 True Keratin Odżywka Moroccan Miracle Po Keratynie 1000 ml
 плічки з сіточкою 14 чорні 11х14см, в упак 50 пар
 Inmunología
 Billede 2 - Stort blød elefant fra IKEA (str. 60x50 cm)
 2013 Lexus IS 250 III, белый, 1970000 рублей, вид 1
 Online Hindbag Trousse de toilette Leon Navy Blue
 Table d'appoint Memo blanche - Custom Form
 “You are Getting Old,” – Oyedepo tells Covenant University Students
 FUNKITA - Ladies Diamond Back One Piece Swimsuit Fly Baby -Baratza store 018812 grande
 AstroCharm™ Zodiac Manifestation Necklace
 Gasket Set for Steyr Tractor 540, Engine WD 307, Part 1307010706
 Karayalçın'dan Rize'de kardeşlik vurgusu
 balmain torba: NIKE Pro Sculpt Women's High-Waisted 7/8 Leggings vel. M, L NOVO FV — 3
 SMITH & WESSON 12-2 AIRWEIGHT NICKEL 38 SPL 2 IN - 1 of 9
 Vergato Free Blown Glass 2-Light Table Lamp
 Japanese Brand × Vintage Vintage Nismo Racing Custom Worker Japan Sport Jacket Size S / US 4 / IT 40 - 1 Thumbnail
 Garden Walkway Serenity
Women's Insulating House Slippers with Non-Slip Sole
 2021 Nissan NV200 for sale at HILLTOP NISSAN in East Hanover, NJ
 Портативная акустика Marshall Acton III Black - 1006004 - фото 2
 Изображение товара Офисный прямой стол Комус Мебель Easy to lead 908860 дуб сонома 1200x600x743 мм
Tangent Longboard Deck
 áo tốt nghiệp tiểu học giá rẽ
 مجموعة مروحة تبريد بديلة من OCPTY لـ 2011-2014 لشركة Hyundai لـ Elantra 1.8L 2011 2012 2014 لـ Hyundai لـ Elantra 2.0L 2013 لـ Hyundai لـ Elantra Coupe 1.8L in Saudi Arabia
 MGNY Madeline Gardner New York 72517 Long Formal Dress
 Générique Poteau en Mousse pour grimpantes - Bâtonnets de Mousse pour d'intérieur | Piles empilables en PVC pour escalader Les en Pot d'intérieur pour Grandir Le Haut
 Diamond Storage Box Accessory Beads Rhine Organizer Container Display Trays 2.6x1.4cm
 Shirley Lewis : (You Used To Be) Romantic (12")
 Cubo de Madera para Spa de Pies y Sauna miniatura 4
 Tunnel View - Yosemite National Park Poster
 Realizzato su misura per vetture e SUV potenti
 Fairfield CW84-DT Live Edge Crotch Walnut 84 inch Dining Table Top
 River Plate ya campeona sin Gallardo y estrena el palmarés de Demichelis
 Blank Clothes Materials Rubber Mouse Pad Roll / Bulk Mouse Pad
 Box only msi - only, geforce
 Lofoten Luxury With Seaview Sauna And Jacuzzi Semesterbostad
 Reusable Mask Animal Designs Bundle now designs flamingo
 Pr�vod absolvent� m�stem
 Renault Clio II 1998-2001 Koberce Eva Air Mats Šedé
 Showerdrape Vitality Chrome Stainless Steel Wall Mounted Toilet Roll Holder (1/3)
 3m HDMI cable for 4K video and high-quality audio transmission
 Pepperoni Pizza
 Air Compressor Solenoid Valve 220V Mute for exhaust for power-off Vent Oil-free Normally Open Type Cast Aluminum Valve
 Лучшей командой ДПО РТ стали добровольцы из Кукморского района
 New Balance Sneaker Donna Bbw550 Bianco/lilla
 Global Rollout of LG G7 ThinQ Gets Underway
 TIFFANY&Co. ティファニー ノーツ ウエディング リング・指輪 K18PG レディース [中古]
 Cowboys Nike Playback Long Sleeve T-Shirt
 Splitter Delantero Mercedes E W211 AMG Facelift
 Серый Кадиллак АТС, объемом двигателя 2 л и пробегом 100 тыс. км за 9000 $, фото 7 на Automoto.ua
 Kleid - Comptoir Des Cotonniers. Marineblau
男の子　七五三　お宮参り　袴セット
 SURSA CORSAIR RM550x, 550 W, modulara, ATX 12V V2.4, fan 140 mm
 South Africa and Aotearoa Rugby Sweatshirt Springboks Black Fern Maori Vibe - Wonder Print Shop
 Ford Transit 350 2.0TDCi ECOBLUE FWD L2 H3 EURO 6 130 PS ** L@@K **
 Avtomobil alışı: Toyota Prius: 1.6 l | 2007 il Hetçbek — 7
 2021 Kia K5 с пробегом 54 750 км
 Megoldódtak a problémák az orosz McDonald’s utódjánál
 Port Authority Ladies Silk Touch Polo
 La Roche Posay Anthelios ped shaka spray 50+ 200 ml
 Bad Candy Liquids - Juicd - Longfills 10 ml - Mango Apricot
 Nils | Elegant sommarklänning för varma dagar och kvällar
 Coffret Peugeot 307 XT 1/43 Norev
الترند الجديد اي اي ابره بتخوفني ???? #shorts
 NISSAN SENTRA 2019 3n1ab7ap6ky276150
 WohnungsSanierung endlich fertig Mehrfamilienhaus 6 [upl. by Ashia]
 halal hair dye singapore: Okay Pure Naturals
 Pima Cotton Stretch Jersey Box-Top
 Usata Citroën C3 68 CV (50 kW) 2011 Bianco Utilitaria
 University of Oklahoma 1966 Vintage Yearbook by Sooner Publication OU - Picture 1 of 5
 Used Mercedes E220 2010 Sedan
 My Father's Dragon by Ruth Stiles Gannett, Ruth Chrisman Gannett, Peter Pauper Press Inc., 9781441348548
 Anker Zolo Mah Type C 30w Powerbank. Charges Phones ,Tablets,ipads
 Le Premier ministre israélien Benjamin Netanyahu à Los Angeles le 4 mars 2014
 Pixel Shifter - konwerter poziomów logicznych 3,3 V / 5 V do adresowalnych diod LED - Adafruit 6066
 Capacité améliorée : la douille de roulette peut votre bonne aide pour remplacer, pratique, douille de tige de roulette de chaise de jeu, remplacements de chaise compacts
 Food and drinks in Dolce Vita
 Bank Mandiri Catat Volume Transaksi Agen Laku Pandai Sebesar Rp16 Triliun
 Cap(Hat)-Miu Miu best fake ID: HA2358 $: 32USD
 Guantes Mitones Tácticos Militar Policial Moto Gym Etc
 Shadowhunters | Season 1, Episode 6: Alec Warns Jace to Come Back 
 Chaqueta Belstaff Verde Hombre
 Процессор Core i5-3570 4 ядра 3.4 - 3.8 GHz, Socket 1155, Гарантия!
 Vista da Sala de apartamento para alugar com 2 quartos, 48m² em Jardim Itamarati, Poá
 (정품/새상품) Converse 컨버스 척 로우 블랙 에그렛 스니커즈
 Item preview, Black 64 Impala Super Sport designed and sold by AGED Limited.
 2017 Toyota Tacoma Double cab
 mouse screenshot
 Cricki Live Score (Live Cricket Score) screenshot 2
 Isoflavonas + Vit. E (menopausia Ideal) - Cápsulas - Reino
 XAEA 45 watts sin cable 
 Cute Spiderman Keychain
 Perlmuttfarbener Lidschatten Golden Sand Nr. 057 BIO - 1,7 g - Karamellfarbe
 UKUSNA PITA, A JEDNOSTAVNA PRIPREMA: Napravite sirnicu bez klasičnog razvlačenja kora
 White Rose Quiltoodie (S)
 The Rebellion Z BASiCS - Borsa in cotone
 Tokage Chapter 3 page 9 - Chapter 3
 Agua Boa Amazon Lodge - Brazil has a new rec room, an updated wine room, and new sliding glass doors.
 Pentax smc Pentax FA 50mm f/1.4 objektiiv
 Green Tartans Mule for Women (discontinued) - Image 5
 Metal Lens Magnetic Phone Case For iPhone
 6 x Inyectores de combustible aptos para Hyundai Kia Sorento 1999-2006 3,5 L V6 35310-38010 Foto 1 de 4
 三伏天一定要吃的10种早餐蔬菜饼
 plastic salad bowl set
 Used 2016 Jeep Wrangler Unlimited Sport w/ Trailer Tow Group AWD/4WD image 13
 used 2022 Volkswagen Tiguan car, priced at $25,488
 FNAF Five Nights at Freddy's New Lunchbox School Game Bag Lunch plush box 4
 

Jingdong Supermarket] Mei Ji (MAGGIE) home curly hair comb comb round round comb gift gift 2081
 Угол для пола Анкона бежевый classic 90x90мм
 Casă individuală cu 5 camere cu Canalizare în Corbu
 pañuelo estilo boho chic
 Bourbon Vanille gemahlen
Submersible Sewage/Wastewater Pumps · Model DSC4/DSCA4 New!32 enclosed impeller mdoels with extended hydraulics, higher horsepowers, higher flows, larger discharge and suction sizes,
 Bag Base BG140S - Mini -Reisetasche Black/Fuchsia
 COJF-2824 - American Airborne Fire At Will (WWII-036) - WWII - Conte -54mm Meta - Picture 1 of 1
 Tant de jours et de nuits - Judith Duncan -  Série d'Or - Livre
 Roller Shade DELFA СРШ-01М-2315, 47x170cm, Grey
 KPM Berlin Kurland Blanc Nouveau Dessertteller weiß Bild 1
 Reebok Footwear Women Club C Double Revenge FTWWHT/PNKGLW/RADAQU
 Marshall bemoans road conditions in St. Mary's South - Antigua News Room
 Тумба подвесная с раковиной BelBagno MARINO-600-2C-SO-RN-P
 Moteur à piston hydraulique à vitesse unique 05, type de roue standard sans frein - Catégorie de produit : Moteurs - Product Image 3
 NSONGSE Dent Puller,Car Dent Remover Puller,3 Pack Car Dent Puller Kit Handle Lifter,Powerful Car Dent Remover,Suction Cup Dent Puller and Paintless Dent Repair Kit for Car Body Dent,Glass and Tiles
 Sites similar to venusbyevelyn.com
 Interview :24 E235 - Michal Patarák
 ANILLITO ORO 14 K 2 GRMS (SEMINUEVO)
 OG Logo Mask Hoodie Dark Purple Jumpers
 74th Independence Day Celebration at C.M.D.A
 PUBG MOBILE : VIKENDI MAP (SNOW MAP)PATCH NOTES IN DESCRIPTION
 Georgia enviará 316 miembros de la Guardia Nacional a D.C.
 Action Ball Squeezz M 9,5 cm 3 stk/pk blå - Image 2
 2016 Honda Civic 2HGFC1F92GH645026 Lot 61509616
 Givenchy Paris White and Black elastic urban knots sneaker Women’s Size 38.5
------------
Work instruction ->
Go through the data, and copy each line in which the word "Custom" appears.

Result for this exercise ->
 Table d'appoint Memo blanche - Custom Form
 Japanese Brand × Vintage Vintage Nismo Racing Custom Worker Japan Sport Jacket Size S / US 4 / IT 40 - 1 Thumbnail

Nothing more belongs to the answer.